Microsoft plans to eliminate 2,850 global jobs in its smartphone hardware and global sales divisions, it shared in an Aug. 1 filing with the U.S. Securities and Exchange Commission. The move will effectively wipe out the last traces of the Nokia smartphone team.
Microsoft, which purchased Nokia’s Devices & Services business for $7.1 billion in late 2013, said it periodically evaluates “how to best deploy the company’s resources.” The coming job cuts, which will be completed by the end of Microsoft’s fiscal year 2017, which is in June 2017, are the result of such an evaluation, the company said. So were the 1,850 positions Microsoft eliminated in May.
This week marks the beginning of the annual Black Hat USA and DefCon security conferences in Las Vegas.
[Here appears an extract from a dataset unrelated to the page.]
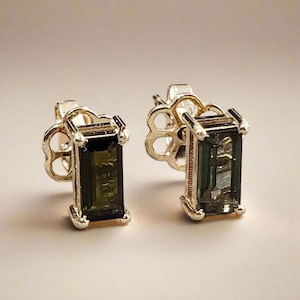 Green Baguette Tourmaline 14k Gold Studs For Women, Green Tourmaline Earring, Minimalist Studs, Prong Setting, Handmade Jewelry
While the focus of Black Hat USA is largely on new issues, this year’s event kicks off with a keynote address from security researcher Dan Kaminsky, who will likely reminisce about one of the largest issues ever revealed at a Black Hat event. In 2008, Kaminsky dominated the Black Hat headlines by detailing a flaw in the Domain Name System that has since become known simply as the “Kaminsky Flaw.” At Black Hat USA 2016, Kaminsky is talking about the hidden architecture of the internet and how it is at risk today.
Other sessions at the two events will bring out new research in car, payment and internet protocol security.
Qualcomm has entered into an agreement with GuangDong OPPO Mobile Telecommunications, enabling the Chinese company to license the chip maker’s 3G and 4G technologies for its smartphones and other devices.
The two companies on Aug. 1 announced the deal, in which OPPO will pay a royalty to Qualcomm to use its 3G WCDMA and CDMA2000 and 4G technologies in its products, which also include Blu-ray players sold in the United States and Europe.
The agreement with OPPO is the latest in a broad range of such deals Qualcomm has reached with mobile device makers in China more than a year after reaching an agreement with China’s National Development and Reform Commission—the country’s antitrust arm—that settled an investigation into the chip maker.